## Requirement
From the first line to the last, restate the data exactly, leaving out the images.

## Collected material
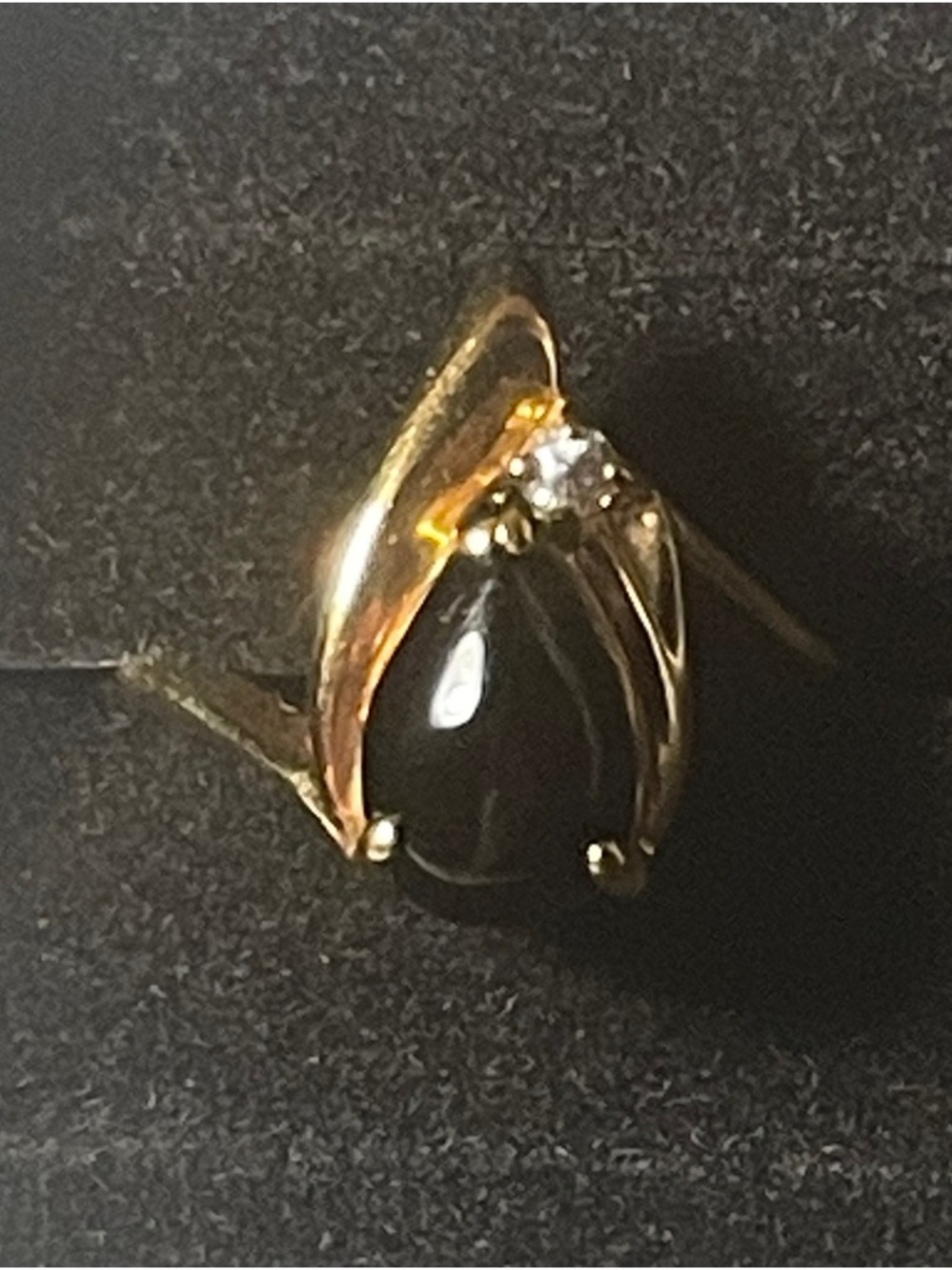 Gold Tone Teardrop Black Onyx Ring with Accent Stone Size 5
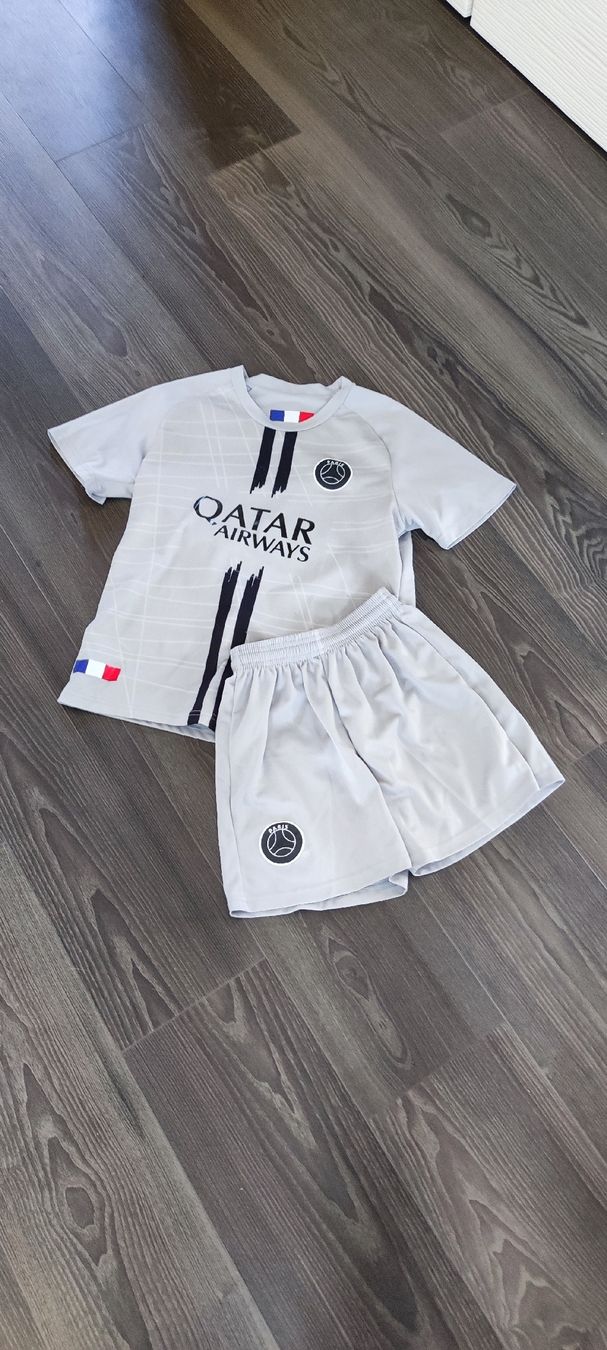 Canottiere & Pantaloni: Fussball Dress Messi – Usato da Othmarsingen venduto da HBN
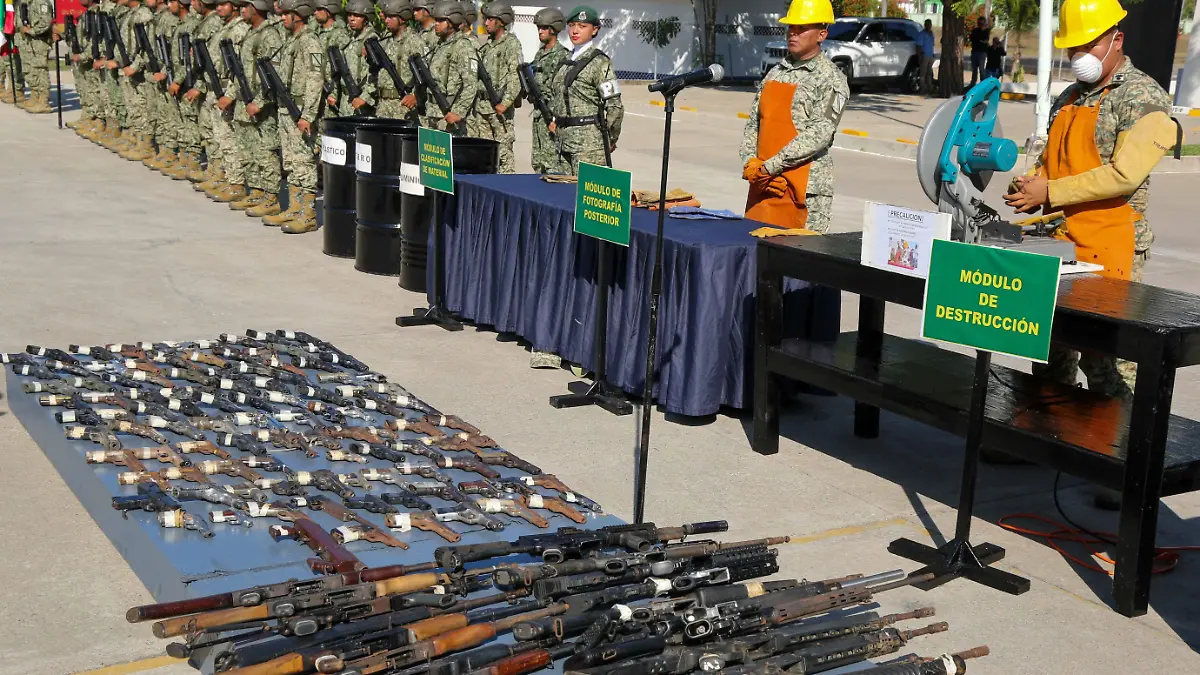 Acapulco Destruccion de Armas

## Task output
 Gold Tone Teardrop Black Onyx Ring with Accent Stone Size 5
 Canottiere & Pantaloni: Fussball Dress Messi – Usato da Othmarsingen venduto da HBN
 Acapulco Destruccion de Armas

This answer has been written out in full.